Desde el fin de la guerra fría los golpes militares han dejado de ser el principal motivo del fin de las democracias. Su desintegración se produce desde dentro cuando un partido tradicional busca el soporte de un demagogo populista, al que cree que puede controlar, para ganar elecciones. Hay muchos ejemplos, pero uno claro fue el retorno a la presidencia venezolana de Rafael Caldera con un ideario similar al de Hugo Chávez y buscando su apoyo. Al final los populistas autoritarios llegan al poder con el apoyo de partidos democráticos oportunistas (buscan un puñado más de votos) o que calculan mal su capacidad de control del populista dando vitola democrática a líderes con claros tics autocráticos. Esto no es nuevo: ya sucedió en el caso de Mussolini o de Hitler.

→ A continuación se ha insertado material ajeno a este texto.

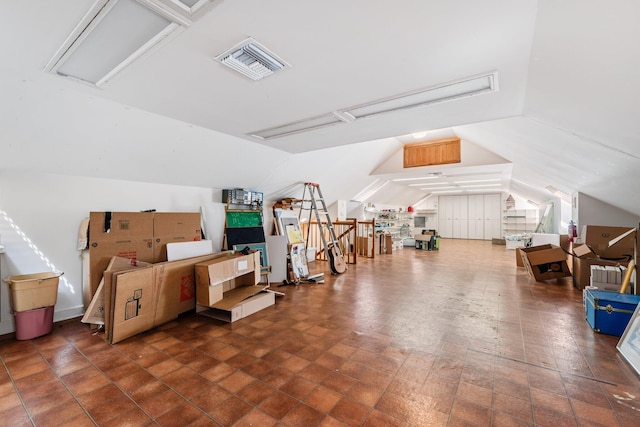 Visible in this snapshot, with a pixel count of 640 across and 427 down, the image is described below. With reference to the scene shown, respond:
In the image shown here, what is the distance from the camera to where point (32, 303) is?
278 cm

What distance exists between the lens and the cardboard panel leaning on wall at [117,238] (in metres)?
3.17

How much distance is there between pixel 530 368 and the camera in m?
2.32

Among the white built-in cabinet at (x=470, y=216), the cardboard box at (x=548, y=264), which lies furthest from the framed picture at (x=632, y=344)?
the white built-in cabinet at (x=470, y=216)

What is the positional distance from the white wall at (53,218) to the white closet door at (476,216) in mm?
14726

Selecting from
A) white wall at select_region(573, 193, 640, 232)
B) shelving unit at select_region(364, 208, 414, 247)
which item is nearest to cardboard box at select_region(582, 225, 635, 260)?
white wall at select_region(573, 193, 640, 232)

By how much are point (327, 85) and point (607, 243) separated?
17.3ft

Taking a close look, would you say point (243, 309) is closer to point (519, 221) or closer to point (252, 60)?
point (252, 60)

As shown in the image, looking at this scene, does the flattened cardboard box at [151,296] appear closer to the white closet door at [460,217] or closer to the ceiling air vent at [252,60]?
the ceiling air vent at [252,60]

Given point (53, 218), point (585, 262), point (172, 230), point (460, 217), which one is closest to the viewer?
point (53, 218)

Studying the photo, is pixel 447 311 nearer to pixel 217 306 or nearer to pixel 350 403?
pixel 350 403

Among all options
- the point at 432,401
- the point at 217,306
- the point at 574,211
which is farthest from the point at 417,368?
the point at 574,211

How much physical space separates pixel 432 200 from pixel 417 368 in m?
13.9

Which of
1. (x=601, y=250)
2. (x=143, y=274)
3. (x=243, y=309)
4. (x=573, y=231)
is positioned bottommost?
(x=243, y=309)

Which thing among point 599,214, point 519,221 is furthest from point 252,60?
point 519,221
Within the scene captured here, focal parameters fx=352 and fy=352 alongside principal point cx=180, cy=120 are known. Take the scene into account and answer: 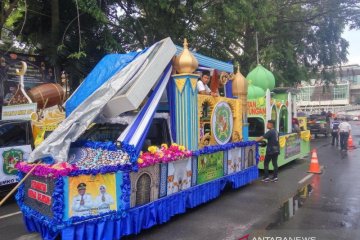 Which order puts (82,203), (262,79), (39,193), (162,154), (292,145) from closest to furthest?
(82,203) < (39,193) < (162,154) < (292,145) < (262,79)

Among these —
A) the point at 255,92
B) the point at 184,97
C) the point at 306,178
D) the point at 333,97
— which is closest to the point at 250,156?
the point at 306,178

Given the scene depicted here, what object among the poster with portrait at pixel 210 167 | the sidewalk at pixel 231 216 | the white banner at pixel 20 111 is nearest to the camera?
the sidewalk at pixel 231 216

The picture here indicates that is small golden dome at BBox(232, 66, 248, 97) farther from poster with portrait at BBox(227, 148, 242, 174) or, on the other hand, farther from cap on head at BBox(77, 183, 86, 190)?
cap on head at BBox(77, 183, 86, 190)

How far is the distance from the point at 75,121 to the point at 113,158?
88cm

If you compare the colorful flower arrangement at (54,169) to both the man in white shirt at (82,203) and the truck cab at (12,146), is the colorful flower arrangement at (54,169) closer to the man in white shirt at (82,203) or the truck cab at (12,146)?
the man in white shirt at (82,203)

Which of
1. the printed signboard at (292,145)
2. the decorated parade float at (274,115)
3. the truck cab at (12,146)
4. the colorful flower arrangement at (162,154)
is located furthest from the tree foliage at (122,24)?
the colorful flower arrangement at (162,154)

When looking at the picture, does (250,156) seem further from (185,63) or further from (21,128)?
(21,128)

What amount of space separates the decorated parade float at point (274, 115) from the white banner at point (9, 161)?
6.91 meters

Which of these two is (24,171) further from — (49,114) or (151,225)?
(49,114)


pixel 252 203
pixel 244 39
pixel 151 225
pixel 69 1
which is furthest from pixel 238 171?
pixel 244 39

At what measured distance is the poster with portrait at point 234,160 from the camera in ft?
26.5

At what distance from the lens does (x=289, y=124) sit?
43.7ft

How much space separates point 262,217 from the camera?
6449mm

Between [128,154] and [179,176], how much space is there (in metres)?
1.51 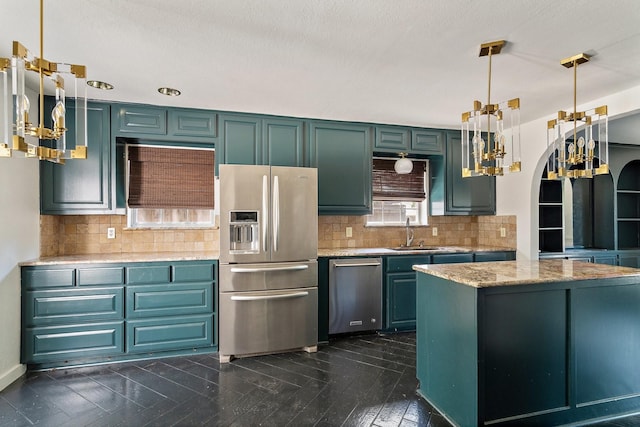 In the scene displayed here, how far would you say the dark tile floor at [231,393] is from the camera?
7.11 feet

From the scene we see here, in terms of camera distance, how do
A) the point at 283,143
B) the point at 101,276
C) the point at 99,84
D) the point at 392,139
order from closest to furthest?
the point at 99,84 < the point at 101,276 < the point at 283,143 < the point at 392,139

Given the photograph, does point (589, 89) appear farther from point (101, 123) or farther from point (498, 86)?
point (101, 123)

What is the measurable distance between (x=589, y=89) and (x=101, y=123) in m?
4.37

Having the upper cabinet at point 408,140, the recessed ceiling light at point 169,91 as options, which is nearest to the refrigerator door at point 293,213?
the recessed ceiling light at point 169,91

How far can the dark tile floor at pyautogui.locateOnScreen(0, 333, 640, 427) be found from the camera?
2160 millimetres

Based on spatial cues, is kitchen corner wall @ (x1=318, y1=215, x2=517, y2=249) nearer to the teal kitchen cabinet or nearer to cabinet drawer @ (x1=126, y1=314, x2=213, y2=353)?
the teal kitchen cabinet

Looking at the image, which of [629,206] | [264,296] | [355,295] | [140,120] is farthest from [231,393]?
[629,206]

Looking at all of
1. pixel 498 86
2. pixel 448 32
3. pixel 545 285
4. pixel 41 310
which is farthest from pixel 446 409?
pixel 41 310

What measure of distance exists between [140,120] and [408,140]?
292 centimetres

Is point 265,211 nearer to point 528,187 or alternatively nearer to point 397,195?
point 397,195

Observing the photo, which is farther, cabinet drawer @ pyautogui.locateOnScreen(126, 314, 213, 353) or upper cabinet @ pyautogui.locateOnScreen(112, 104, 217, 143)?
upper cabinet @ pyautogui.locateOnScreen(112, 104, 217, 143)

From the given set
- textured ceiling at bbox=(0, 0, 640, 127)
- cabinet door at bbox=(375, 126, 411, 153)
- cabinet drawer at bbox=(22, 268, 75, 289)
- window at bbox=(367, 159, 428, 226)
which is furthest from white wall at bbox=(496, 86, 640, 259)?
cabinet drawer at bbox=(22, 268, 75, 289)

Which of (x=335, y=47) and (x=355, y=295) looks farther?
(x=355, y=295)

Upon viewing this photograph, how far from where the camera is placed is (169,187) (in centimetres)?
365
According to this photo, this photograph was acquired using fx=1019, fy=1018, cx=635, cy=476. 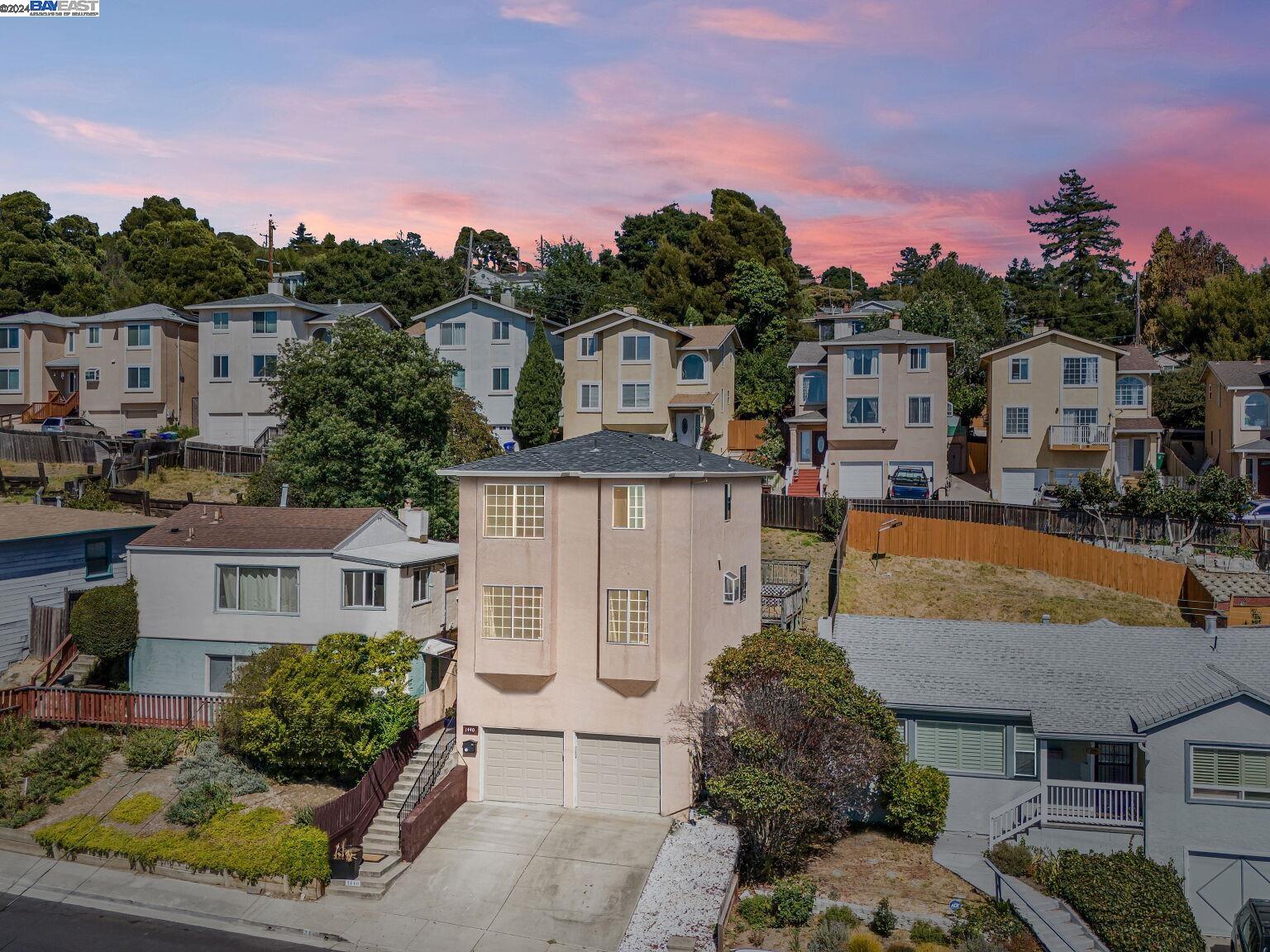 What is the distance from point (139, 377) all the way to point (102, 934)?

En el caso de Estados Unidos había un mecanismo claro de control de los populistas demagogos: las estructuras de los partidos filtraban y proponían a los candidatos en “smoke-filled back rooms”. El procedimiento no era muy democrático en esa fase pero evitaba casos flagrantes de demagogos populistas. A principios de los setenta el procedimiento se sustituyó por primarias (aunque los superdelegados demócratas todavía siguen imponiendo algún filtro). Los republicanos decidieron no usar superdelegados por lo que elegir un Trump se convirtió en un desastre esperando a suceder. Muchos pensaron que los controles entre poderes podían evitar las consecuencias negativas de la elección de un demagogo. Sin embargo la letra de la ley no es suficiente. Hace falta lo que Levitsky y Ziblatt definen como tolerancia mutua (reconocimiento de la legitimidad democrática del rival, que no se debe considerar enemigo) y contención institucional (no utilizar los poderes que otorga la ley al Ejecutivo para atacar al rival). Pero eso es precisamente lo que está sucediendo en EE.UU.: órdenes ejecutivas, bloqueo del Senado, etc. Utilizando los argumentos de Levitsky y Ziblatt la situación política española es muy inquietante. Pero eso lo dejaremos para el próximo artículo.